• Task to complete
The entries are to be reproduced verbatim, and their pictures left out.

START The input

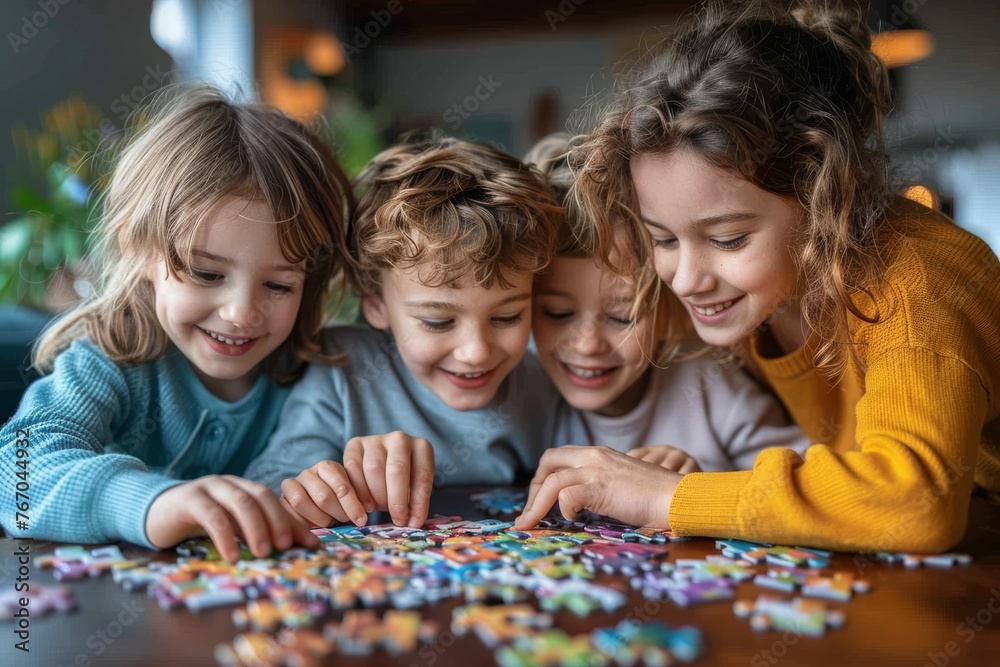 Cheerful children engaging in a fun puzzle game together indoors Cheerful children engaging in a fun puzzle game together indoors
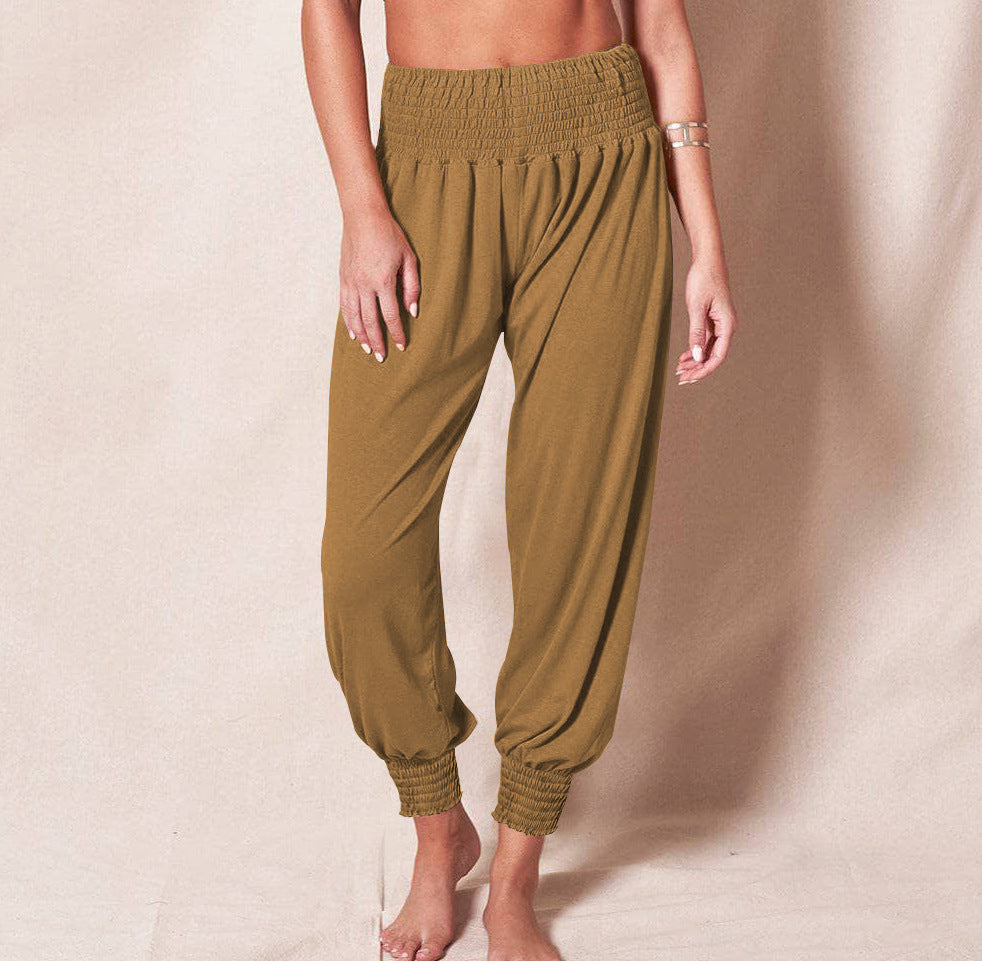 Women's Loose Harem Pants with High Smocked Waistband and Crumpled Ankle Cuffs Mune Fashion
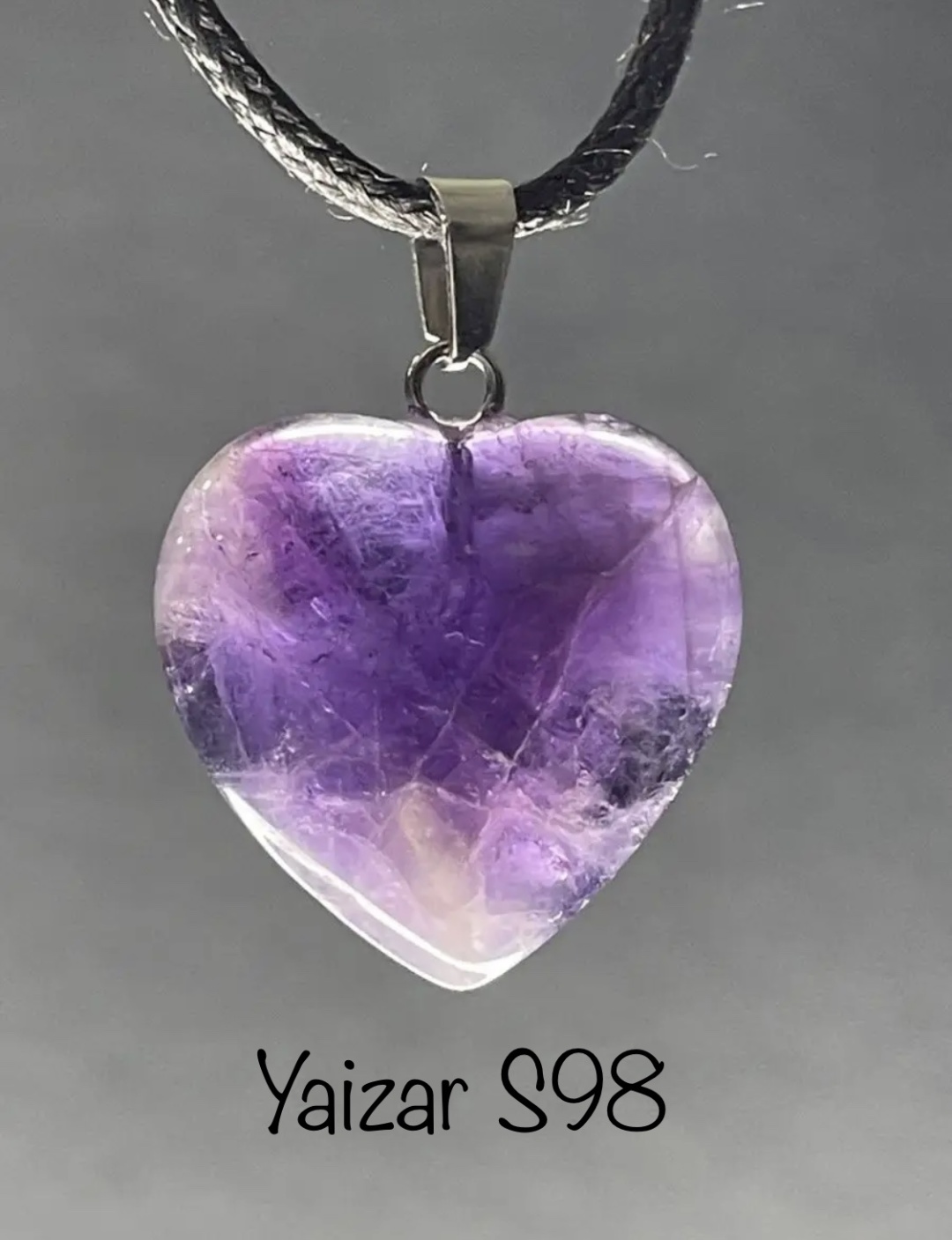 Подвеска YAIZAR S98 искусственная кожа, медицинская сталь, аметист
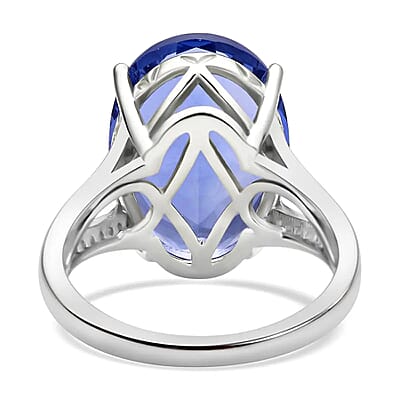 Color Change Fluorite and White Zircon Split Shank Ring in Rhodium Over Sterling Silver (Size 10.0) 14.90 ctw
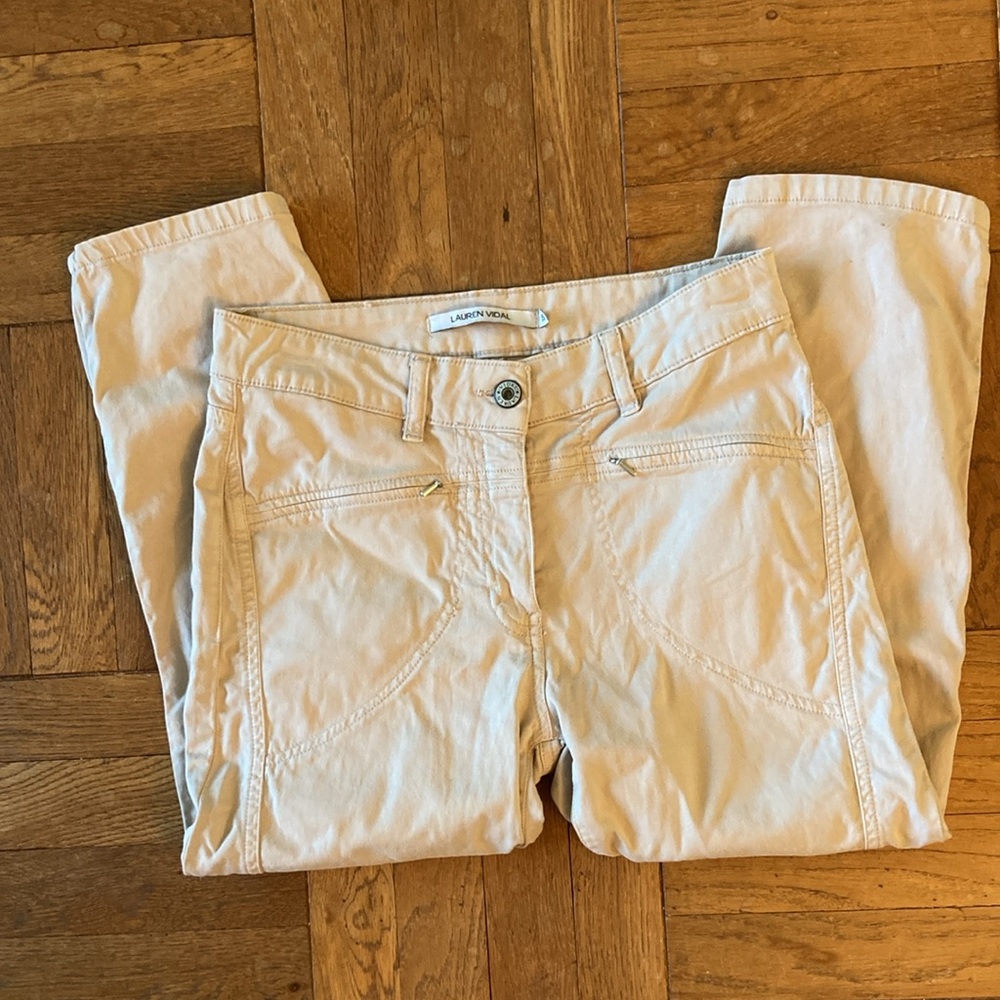 Lauren Vidal cotton capris cropped pants, slant seam, zippered front pockets, XS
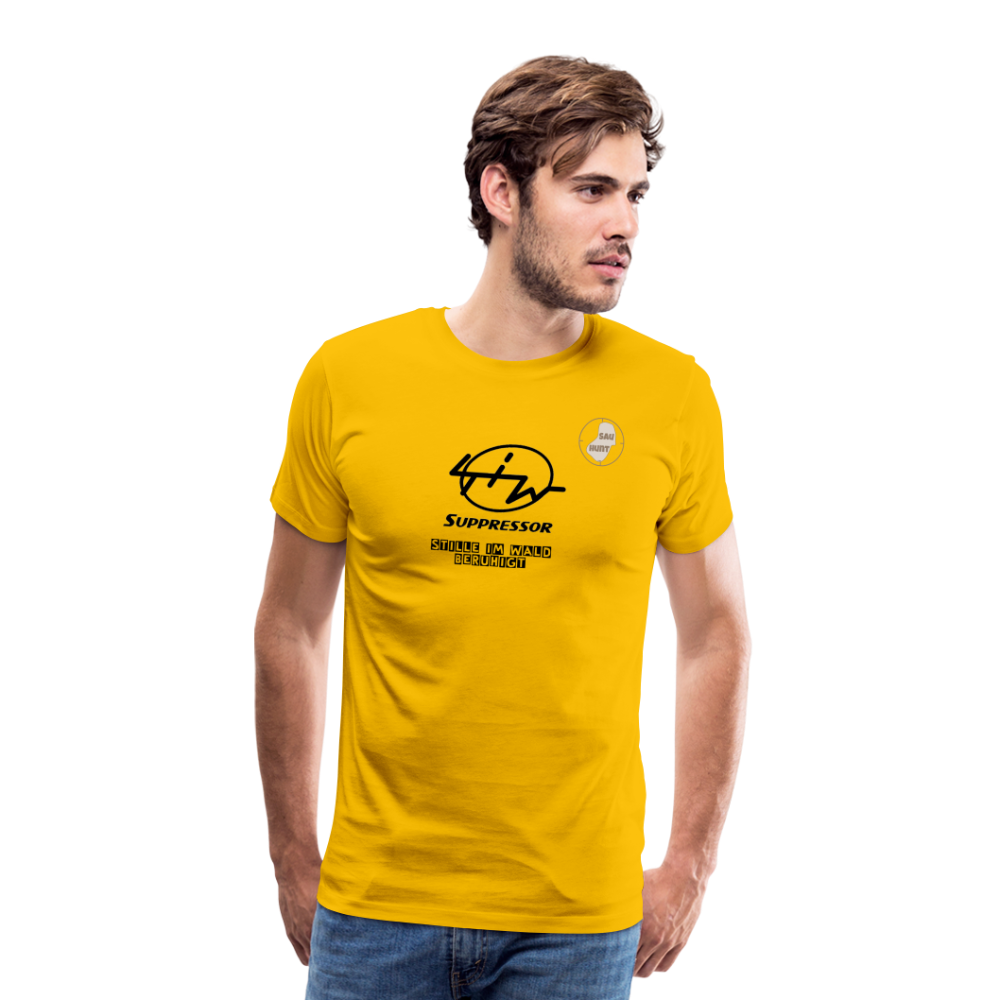 SauHunt T-Shirt (Premium) - Stille im Wald - Sonnengelb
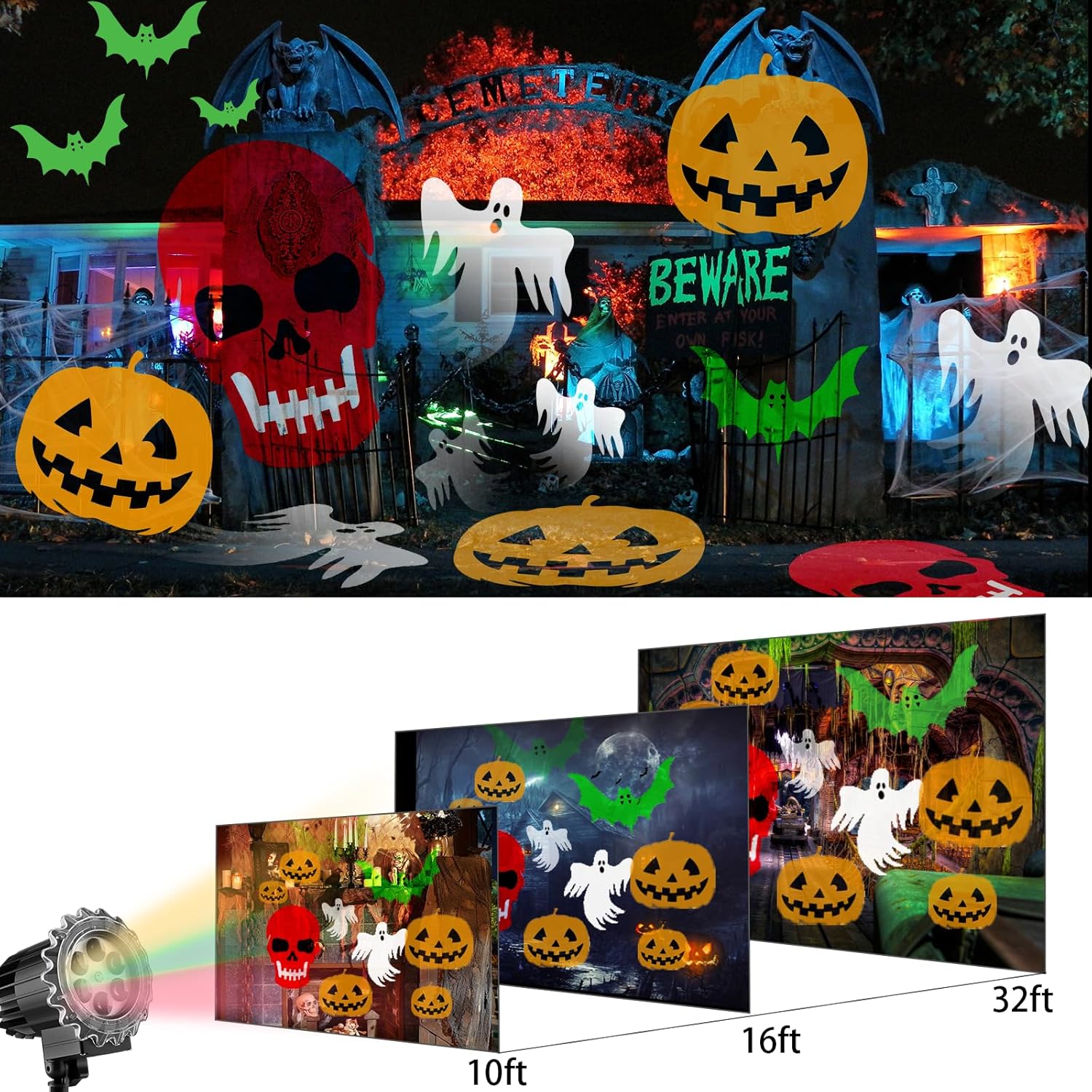Beforalla Luces de proyector más brillantes para decoración de Halloween al aire libre 2023, esqueleto de Halloween, fantasma, murciélagos,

END The input

• Solution below
 Cheerful children engaging in a fun puzzle game together indoors Cheerful children engaging in a fun puzzle game together indoors
 Women's Loose Harem Pants with High Smocked Waistband and Crumpled Ankle Cuffs Mune Fashion
 Подвеска YAIZAR S98 искусственная кожа, медицинская сталь, аметист
 Color Change Fluorite and White Zircon Split Shank Ring in Rhodium Over Sterling Silver (Size 10.0) 14.90 ctw
 Lauren Vidal cotton capris cropped pants, slant seam, zippered front pockets, XS
 SauHunt T-Shirt (Premium) - Stille im Wald - Sonnengelb
Beforalla Luces de proyector más brillantes para decoración de Halloween al aire libre 2023, esqueleto de Halloween, fantasma, murciélagos,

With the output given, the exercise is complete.